What is Machine Learning?
Last updated
Last updated
We generally think machine learning as training a computer on a set of data so that it can recognize patterns in the data. To be more specific, machine learning can be defined as a set of methods that can automatically extract patterns in data and use the discovered patterns to predict future data or to support decision-making under uncertainty.
Artificial Intelligence (AI), also referred to as Machine Intelligence, is a set of computer programs and algorithms that can perform human-like performance without the need of human intelligence. However, the AI algorithms need some level of human intervention to learn and become capable of performing future tasks with minimal or no human supervision. The main categories of AI include Natural Language Processing (NLP), Knowledge Representation, Automated Reasoning and Machine Learning (ML). Figure 1-1 illustrates the hierarchy of AI, ML and other artificially intelligent algorithms. In some recent studies, AI is also referred to as Artificial General Intelligence (AGI) that can be applied to most human-like applications such as self-deriving vehicles.
Machine Learning is the science of allowing computer programs to learn from data and experience rather than following defined algorithms. The very first ML algorithm was proposed by Alan Turing as ‘Turing Test’ that was a method to determine whether a computer program is capable of human-like thinking. Over the next few decades with the gradual advancement of computer algorithms and computational power, in 1996 the first convolutional neural network (CNN), which is a specific type of Artificial Neural Networks, was proposed. Later in 2011, multiple studies have started focusing on Deep Neural Networks also known as Deep Learning (DL) which is foundation of most recent advancements in AI and ML.
Figure 1-1 General definition of deep learning in the context of Machine Learning and Artificial Intelligence (source: IBM)
Figure 1-2 illustrates the historical evolution of machine learning and the transformation of conventional neural networks into the current definition of deep learning. Conventional neural networks consisted of a group of nodes interconnected through weighted links that simulate the structure of human neurons. Although the most recent deep learning algorithms were generated from the basic structure of neural nets, the internal connections and configuration of layers are quite different in each case. Figure 1-3 shows the basic structural difference between a simple neural network and a deep learning neural network. The interconnections and structure of hidden layers between input parameters and target values are more complex in a deep learning neural net. Another main advantage of deep learning algorithms compared to traditional neural nets is the enhanced performance of the network with introduction of larger training datasets. Traditional ML algorithms show a limited performance peak while deep learning algorithms show improved performance. Figure 1-4 illustrated the comparison of traditional and deep learning neural nets in terms of performance of the trained model.

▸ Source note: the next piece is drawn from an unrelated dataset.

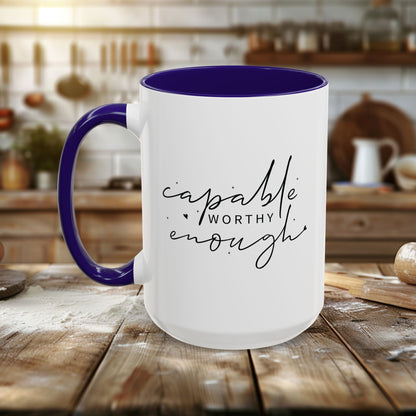 Colorful Mugs (11oz, 15oz) - Capable, Worth, Enough - Empowerment Words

Figure 1-2 History and evolution of machine learning over the past decades (source: SAS)
Figure 1-3 Comparison of a simple and deep learning neural network
Figure 1-4 Performance of traditional versus deep learning algorithms
A machine learning algorithm consists of a dataset that includes input parameters, also known as features, and desired outputs, in case of supervised learning. These ML algorithms learn from the features in the training dataset and provide a model that generates outputs from new datasets with minimum error. Classification and regression are examples of supervised learning. The unsupervised learning algorithms are trained on a set of data that includes only input parameters without any specific outputs. Such algorithms are employed for clustering and grouping of features. The third set of ML algorithms are interactively learning from a set of data and provide feedback to a human to adjust the training parameters. Such process is known as active learning. An example of active learning is Reinforcement Learning that is employed in autonomous vehicles to receive feedback from the environment. Other types of learning algorithms are feature learning, anomaly detection, association rules learning and sparse dictionary learning which will be discussed in the following chapters.
One fundamental difference between traditional programming and machine learning is that in traditional programming, a set of data and a program are inputs for a computer to generate an output while in machine learning, data and outputs are given to the computer to generate a program (Domingos, 2010). Machine learning algorithms are used when human experience in not available (such as navigation problem), building models based on large datasets (such as taxi database in a city), problems with lack of human explanation (such as natural language processing), and customizing models (such as personalized search data).